Essential Reading : The EcoSTEP™ Tool for Measuring Sustainability
Measuring or projecting the improvement or decline of various quality of life factors over time is clarified using the EcoSTEP™ tool. Symbolizing the cyclical quality and interconnectivity of all living systems, EcoSTEP™ is an effective tool for plotting various sustainability indicators in three term, or time, ranges—short-term (S), medium-term (M), and longterm (L)—each divided into ten time frames that can be defined however the user chooses (i.e. one year, ten years, etc.). (Click on the diagrams to the right to view enlarged EcoSTEP™ diagrams, both filled in and blank.)
In an ideal world, an indicator (for example, water quality), plotted near the outermost ring of each term scale would be considered, or judged to be approaching the best possible outcome or condition for sustainability. In this example, short-term conditions appear to be approaching optimal, yet the relative immediacy of medium and long-term measures indicate water quality challenges that lie ahead.

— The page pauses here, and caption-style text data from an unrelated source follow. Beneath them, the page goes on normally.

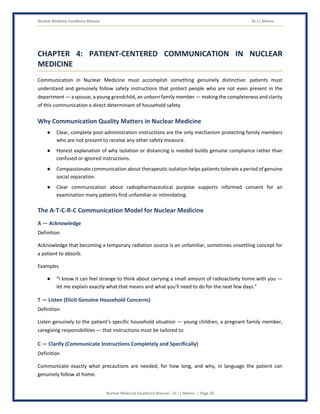 Nuclear Medicine Excellence Manual Dr J L Meena
Nuclear Medicine Excellence Manual – Dr J L Meena | Page 20
CHAPTER 4: PATIENT-CENTERED COMMUNICATION IN NUCLEAR
MEDICINE
Communication in Nuclear Medicine must accomplish something genuinely distinctive: patients must
understand and genuinely follow safety instructions that protect people who are not even present in the
department — a spouse, a young grandchild, an unborn family member — making the completeness and clarity
of this communication a direct determinant of household safety.
Why Communication Quality Matters in Nuclear Medicine
● Clear, complete post-administration instructions are the only mechanism protecting family members
who are not present to receive any other safety measure.
● Honest explanation of why isolation or distancing is needed builds genuine compliance rather than
confused or ignored instructions.
● Compassionate communication about therapeutic isolation helps patients tolerate a period of genuine
social separation.
● Clear communication about radiopharmaceutical purpose supports informed consent for an
examination many patients find unfamiliar or intimidating.
The A-T-C-R-C Communication Model for Nuclear Medicine
A — Acknowledge
Definition
Acknowledge that becoming a temporary radiation source is an unfamiliar, sometimes unsettling concept for
a patient to absorb.
Examples
● “I know it can feel strange to think about carrying a small amount of radioactivity home with you —
let me explain exactly what that means and what you'll need to do for the next few days.”
T — Listen (Elicit Genuine Household Concerns)
Definition
Listen genuinely to the patient's specific household situation — young children, a pregnant family member,
caregiving responsibilities — that instructions must be tailored to.
C — Clarify (Communicate Instructions Completely and Specifically)
Definition
Communicate exactly what precautions are needed, for how long, and why, in language the patient can
genuinely follow at home.
 
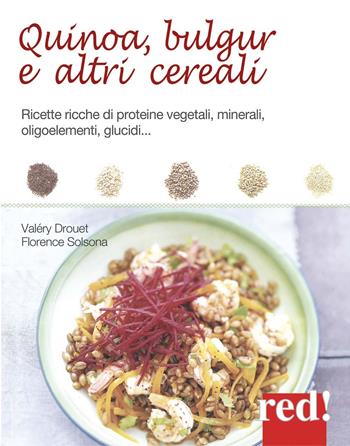 Quinoa, bulgur e altri cereali. Ricette ricche di proteine vegetali, minerali, oligoelementi, glucidi... - Valéry Drouet, Florence Solsona-Guillem - Libro Red Edizioni 2014, Economici di qualità | Libraccio.it
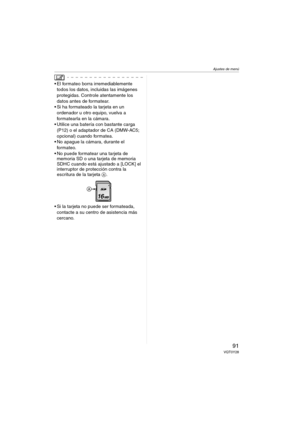 Page 91Ajustes de menú
91VQT0Y28
 El formateo borra irremediablemente 
todos los datos, incluidas las imágenes 
protegidas. Controle atentamente los 
datos antes de formatear.
 Si ha formateado la tarjeta en un 
ordenador u otro equipo, vuelva a 
formatearla en la cámara.
 Utilice una batería con bastante carga 
(P12) o el adaptador de CA (DMW-AC5; 
opcional) cuando formatea.
 No apague la cámara, durante el 
formateo.
 No puede formatear una tarjeta de 
memoria SD o una tarjeta de memoria 
SDHC cuando...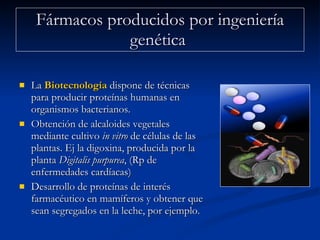 Fármacos producidos por ingeniería genética  La  Biotecnología  dispone de técnicas para producir proteínas humanas en organismos bacterianos. Obtención de alcaloides vegetales mediante cultivo  in vitro  de células de las plantas. Ej la digoxina, producida por la planta  Digitalis purpurea , (Rp de enfermedades cardíacas)  Desarrollo de proteínas de interés farmacéutico en mamíferos y obtener que sean segregados en la leche, por ejemplo.  
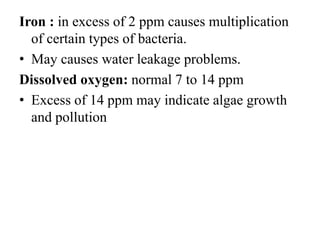 Iron : in excess of 2 ppm causes multiplication
of certain types of bacteria.
• May causes water leakage problems.
Dissolved oxygen: normal 7 to 14 ppm
• Excess of 14 ppm may indicate algae growth
and pollution
 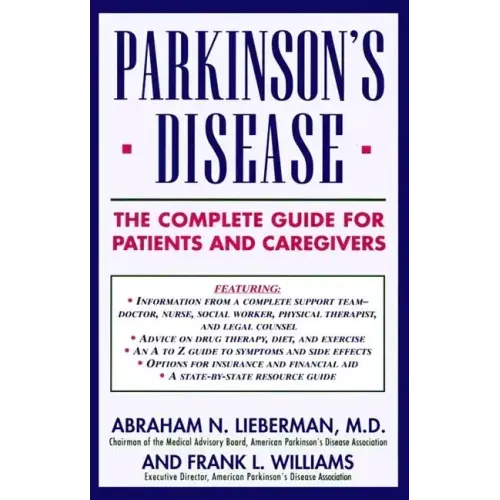 Parkinson's Disease: The Complete Guide for Patients and Caregivers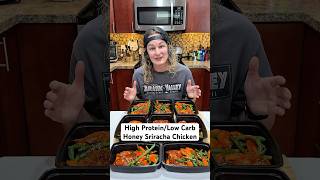 High Protein / Low Carb Honey Sriracha Chicken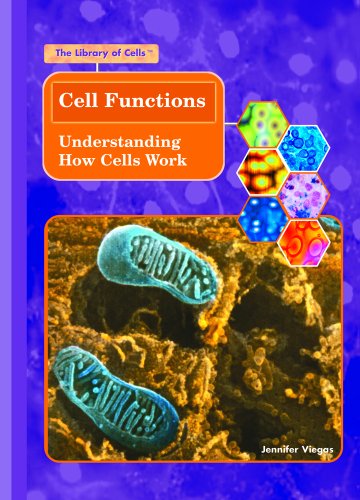 Cell functions : understanding how cells work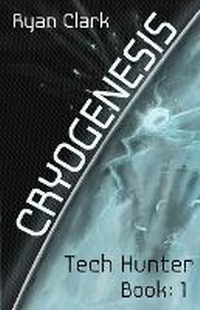 Enlarge image Cover: Cryogenesis - Ryan Clark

For further detail, the dots plotted on the scale can be color-coded and sized according to the urgency or scale of the challenge of that particular indicator.
The EcoSTEP™ tool allows any user to assess hypothetical yet real life situations, or real conditions of design or planning intent, to assess the assumptions for consequences and trade-offs, and to communicate those situations to stakeholders and leadership. By incorporating all five domains the tool is effective both in gauging progress and in revealing the various and complex trade-offs that will occur between indicators.
This graphic representation of issues and conditions makes EcoSTEP™ an ideal tool for collaborative planning as well as for communicating to leaders and the public a region's progress toward a sustainable vision and quality of life goals. W. Cecil Steward of The Joslyn Institute developed EcoSTEP, and he has applied the tool to a diverse range and scales of built-environment projects, including individual buildings, neighborhood contexts, small communities, districts within cities, and to large regions.